As críticas e a suposta ameaça
“O projeto do PSD é um projeto com o Chega”, afirmou a líder bloquista, Mariana Mortágua, colando o partido ao acordo feito pelo PSD Açores e André Ventura a Passos e Montenegro: “São a mesma família política e Ventura era protegido de Passos Coelho”, disse.

Na verdade, mesmo quando segurou o então candidato social-democrata à câmara de Loures, na sequência de afirmações sobre a comunidade cigana que mais tarde motivaram uma queixa-crime, Passos Coelho foi claro: “Eu estou tranquilo quanto àquilo que é a nossa posição, uma posição não racista, não xenófoba: o PSD nunca o foi, não o é e, atrevo-me a dizer, nunca o será”, afirmou o então líder social-democrata, um ano antes de Ventura se desvincular do PSD para fundar o Chega.

Montenegro recusa Ventura desde 2018
De notar é que conforme o discurso de André Ventura endureceu, várias figuras do PSD se demarcaram dele e das suas ideias.

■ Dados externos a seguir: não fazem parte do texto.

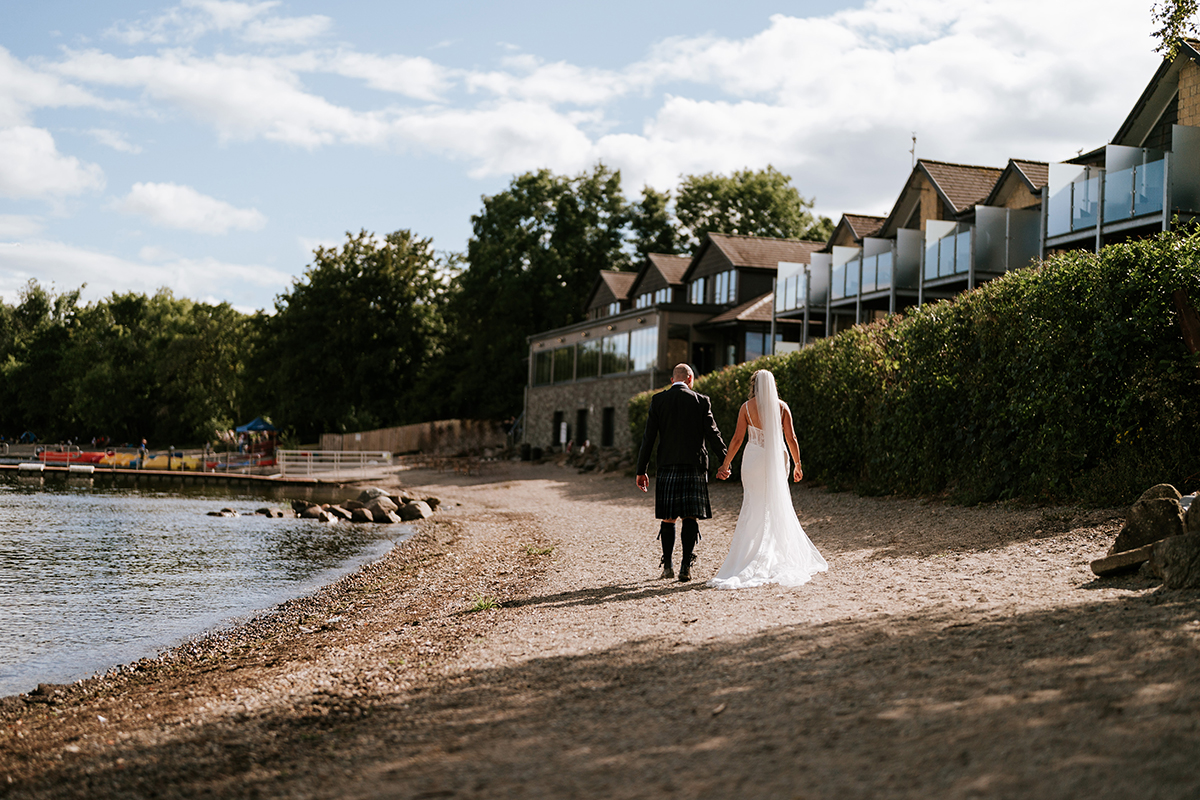 bride in trailing wedding dress and veil holds hands with groom in kilt outfit as they walk away from the camera along the sandy beach coast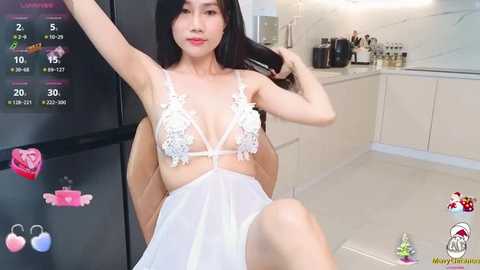 Media: Video of an Asian woman with long black hair, wearing a sheer white lingerie dress with floral lace details, sitting in a modern kitchen with white cabinets and a black refrigerator.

A começar pelo atual presidente, Luís Montenegro.

Ainda assim, também os comunistas e os socialistas veem nas palavras de Passos Coelho vontade de uma união de forças com o Chega. E acusam o atual líder social-democrata de não ser claro na sua posição.

A verdade é que Montenegro não se cansa de repetir que traça uma linha vermelha entre a sua bancada e a de Ventura. “Não é não”, tem dito o líder do PSD. E ainda nesta semana, confrontado com as declarações de Passos, reafirmou: “Eu já disse o que pensava, nem sequer preciso de repetir. Vou cumprir a minha palavra.”

O que disse Passos Coelho
Mas afinal, o que disse Passos revelava esse desejo de união de toda a direita, Chega incluído? Tire as suas conclusões. “Eu não tenho tido intervenção no espaço político nos últimos tempos, nem desejo ter. Cada um tem o seu tempo e este não me pertence (…) O que posso formular é um desejo sincero de que o PSD possa estar preparado para os tempos que aí vêm”, disse Passos Coelho. E continuou: “O país vai precisar de um governo que tenha não apenas um rumo bem definido mas que possa inspirar confiança às pessoas para inverter uma degradação extraordinária de uma parte muito significativa das políticas públicas, que são importantes para o crescimento da economia, para a geração de valor e para as pessoas. Da saúde à educação, habitação, até à segurança, (o país) degradou-se muito, portanto precisamos de um governo esclarecido, com rumo bem definido e força, ou seja, autoridade moral, para seguir uma política diferente. Isso vai depender das estratégias dos partidos e das condições que os portugueses ofereçam aos partidos que terão responsabilidade de governar. E espero que ambos tenham uma aguda consciência dos tempos que aí vêm e que seja possível fazer um governo com autoridade moral e força – que só pode ser dada pelos eleitores – para fazer o que for necessário. Espero que o PSD possa liderar essa fase nova. Espero que o país saiba identificar no atual governo responsabilidades graves no momento que vive o país.”